The number of coalesced stores reported by the profiler (1.0 or 1.1) doesn’t seem to match my understanding.
For a very simple case:
I have declared two global memory pointers of type float - float* data_1, float* data_2.
Allocated memory to them as follows:
long d_size = sizeof(float) * 8192;
size_t pitch = 128;
CUDA_SAFE_CALL( cudaMallocPitch( (void**) &data_1, &pitch, d_size, 1));
CUDA_SAFE_CALL( cudaMallocPitch( (void**) &data_2, &pitch, d_size, 1));
the dimgrid and dimblock are set as follows:
dim3 dimBlock(1, 1, 1);
dim3 dimGrid(1, 1, 1);
And the instructions in the kernel code is:
unsigned int x = blockIdx.x*blockDim.x + threadIdx.x
data_2 = data_1 * 2;
The profiler returns : gld coalesced = 1 and gst coalesced = 2
if I change to 32 threads in one block: dim3 dimBlock(32, 1, 1);
The profiler returns : gld coalesced = 2 and gst coalesced = 8
What am I missing.
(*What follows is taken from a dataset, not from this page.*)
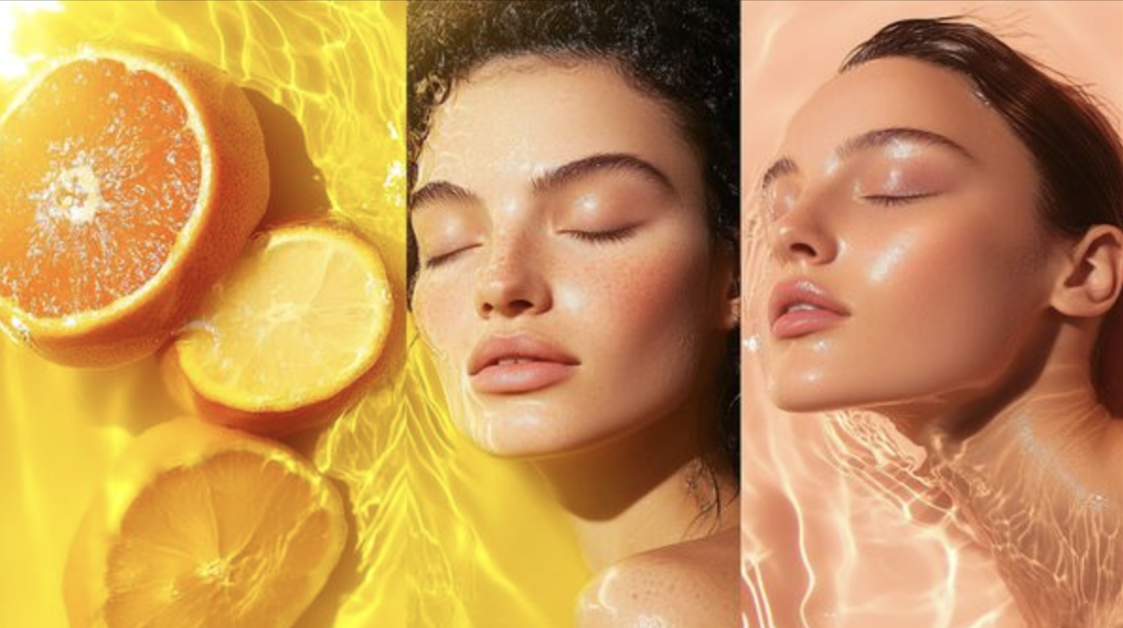 The Ultimate Global Skincare Routine for AQI 50+ Cities & Humid Winters: Celebrity-Approved Glow Guide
Why aren’t the number of loads equal to the number of stores?
Even if I read from data_2 and write to data_1 (to check if the global memory alignment is the problem – I still get the above reported number of loads and stores, respectively)
Any insights?
I am using the 280 GTX card (1.3 compute capability) on a Linux (Fedora 3) machine and CUDA 2.0. Both profilers - 1.0 and 1.1 return the same values.
Thanks -
kpg